__Your assignment__. How many lines in the records below contain the word "Sweatshirt"? Answer with the number only.

__Stored items__.
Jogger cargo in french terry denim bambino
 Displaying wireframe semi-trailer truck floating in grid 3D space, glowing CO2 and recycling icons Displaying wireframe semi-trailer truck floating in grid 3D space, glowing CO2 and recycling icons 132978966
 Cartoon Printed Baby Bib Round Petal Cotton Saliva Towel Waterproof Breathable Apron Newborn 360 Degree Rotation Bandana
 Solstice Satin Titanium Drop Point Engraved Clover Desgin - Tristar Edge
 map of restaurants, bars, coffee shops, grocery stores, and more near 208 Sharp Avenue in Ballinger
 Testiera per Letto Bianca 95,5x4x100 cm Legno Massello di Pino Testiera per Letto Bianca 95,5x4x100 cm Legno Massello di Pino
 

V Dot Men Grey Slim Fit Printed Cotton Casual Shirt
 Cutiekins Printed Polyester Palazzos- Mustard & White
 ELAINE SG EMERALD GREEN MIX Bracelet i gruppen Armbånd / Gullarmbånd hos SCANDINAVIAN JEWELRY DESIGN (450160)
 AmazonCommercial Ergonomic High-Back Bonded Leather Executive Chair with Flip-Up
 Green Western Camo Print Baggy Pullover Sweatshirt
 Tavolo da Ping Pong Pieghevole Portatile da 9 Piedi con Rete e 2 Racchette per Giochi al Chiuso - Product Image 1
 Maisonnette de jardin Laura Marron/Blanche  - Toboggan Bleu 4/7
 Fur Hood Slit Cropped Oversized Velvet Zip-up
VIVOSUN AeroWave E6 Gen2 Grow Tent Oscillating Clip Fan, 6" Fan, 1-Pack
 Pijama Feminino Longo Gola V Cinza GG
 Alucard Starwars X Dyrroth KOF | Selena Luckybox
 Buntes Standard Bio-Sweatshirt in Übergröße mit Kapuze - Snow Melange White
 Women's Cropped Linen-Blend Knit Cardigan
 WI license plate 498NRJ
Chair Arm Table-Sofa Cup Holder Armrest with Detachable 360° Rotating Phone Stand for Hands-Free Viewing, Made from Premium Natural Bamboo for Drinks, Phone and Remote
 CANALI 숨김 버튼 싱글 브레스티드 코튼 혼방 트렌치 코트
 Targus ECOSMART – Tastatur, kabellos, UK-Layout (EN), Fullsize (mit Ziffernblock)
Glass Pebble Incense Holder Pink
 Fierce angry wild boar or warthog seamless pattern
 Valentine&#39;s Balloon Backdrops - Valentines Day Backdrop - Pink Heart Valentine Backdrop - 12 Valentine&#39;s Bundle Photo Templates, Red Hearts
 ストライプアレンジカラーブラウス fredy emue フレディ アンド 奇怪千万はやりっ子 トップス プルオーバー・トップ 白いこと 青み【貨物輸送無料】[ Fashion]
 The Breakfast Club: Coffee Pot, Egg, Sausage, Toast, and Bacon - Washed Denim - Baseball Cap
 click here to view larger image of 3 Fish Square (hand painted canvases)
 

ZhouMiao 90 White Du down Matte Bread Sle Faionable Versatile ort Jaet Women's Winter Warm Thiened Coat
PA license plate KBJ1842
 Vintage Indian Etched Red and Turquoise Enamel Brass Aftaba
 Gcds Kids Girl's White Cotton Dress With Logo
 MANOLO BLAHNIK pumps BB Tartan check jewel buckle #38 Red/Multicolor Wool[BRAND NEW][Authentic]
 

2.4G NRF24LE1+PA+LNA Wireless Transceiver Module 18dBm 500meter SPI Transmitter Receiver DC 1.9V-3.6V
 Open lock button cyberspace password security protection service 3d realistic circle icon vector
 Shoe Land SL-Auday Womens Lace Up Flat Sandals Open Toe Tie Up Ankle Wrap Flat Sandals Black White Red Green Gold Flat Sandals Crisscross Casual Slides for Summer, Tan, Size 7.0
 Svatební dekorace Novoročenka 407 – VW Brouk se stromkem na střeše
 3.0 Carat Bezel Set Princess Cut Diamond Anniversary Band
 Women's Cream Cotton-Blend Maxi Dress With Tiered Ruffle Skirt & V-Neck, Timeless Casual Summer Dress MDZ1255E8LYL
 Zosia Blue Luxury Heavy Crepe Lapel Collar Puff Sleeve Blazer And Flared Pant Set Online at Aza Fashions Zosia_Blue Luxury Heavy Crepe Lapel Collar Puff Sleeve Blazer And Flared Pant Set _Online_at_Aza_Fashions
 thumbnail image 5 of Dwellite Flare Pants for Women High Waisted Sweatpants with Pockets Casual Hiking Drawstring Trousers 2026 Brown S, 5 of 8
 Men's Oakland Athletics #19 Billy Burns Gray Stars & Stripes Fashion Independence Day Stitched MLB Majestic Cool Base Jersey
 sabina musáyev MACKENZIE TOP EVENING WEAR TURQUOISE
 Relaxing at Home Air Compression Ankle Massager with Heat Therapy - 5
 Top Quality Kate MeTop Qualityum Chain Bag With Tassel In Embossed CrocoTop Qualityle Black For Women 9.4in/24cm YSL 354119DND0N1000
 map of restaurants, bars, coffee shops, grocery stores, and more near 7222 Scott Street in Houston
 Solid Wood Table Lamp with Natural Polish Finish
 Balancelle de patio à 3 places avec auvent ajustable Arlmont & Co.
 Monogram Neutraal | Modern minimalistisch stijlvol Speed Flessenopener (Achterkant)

__The completed task__. 2